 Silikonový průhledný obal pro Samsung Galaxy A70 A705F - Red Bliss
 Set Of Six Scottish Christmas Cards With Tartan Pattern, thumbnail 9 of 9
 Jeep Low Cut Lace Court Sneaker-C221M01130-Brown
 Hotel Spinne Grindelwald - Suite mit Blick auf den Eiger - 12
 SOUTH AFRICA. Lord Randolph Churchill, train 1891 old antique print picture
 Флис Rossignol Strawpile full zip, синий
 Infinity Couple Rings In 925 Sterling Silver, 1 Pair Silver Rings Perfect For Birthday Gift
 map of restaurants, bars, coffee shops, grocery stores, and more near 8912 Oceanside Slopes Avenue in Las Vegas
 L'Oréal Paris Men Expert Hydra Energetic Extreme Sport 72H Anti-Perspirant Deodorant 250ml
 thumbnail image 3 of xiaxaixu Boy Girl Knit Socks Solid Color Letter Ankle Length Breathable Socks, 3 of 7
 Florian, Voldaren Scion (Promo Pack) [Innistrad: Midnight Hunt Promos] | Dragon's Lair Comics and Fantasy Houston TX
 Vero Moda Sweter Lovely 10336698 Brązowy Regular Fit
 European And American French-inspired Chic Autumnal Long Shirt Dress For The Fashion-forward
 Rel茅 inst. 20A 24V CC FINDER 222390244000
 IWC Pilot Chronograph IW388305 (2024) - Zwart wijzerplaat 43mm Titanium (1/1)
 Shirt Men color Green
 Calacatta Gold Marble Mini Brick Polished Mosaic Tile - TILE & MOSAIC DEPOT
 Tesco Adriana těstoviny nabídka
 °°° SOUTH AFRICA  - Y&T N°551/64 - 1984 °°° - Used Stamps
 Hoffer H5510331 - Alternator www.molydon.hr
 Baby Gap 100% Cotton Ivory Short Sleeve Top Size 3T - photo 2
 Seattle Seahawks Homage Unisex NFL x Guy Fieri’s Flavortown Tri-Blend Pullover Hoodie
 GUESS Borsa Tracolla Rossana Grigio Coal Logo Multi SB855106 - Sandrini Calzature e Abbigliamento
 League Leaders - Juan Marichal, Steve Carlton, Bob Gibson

══════════════════════════════

Each line from the one containing "- Used Stamps" to the close of the records must appear in the output exactly, and no other line.

 °°° SOUTH AFRICA  - Y&T N°551/64 - 1984 °°° - Used Stamps
 Hoffer H5510331 - Alternator www.molydon.hr
 Baby Gap 100% Cotton Ivory Short Sleeve Top Size 3T - photo 2
 Seattle Seahawks Homage Unisex NFL x Guy Fieri’s Flavortown Tri-Blend Pullover Hoodie
 GUESS Borsa Tracolla Rossana Grigio Coal Logo Multi SB855106 - Sandrini Calzature e Abbigliamento
 League Leaders - Juan Marichal, Steve Carlton, Bob Gibson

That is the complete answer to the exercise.